“Liquid Love” brings together works that consider expressions of love, desire, and affection when these basic human needs are highly mediated and manipulated for profit by technological platforms. The show takes its title from sociologist Zygmunt Bauman’s 2003 book, where he argues that the logic of the capitalist market has thoroughly infiltrated the modern individual’s approach to relationships, as realized in everything from counseling fads to online dating. Citing widespread detachment and isolation, Bauman warns against the corrosive influence of consumerism on human bonds at all levels. By presenting a complicated picture of contemporary human connection, Liquid Love reflects on our ability to connect, romantically or otherwise, under neoliberal capitalism through and within our tools.

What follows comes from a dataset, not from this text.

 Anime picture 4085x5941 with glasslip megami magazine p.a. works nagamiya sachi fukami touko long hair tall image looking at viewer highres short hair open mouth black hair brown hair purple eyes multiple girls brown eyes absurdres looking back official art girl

Professor Washko looks at the operation of gender in male-dominated corners of gaming culture and the internet, often staging interventions to test or question the assumptions at play within these spaces, whether on World of Warcraft or the misogynistic online forums and blogs of the “manosphere.” An offshoot of her larger research into the internet subculture of pickup artists, in particular the notable blogger Roosh V, her twitter bot “@pua_vernacular” (2017) automatically pulls terms popular in these forums like “Hot Bitch Scale” or “blue pill” and defines them using phrases pulled from gender studies textbooks. In a small way, the project helps proliferate other meanings for these terms.
“Liquid Love” in on view January 7 to April 14.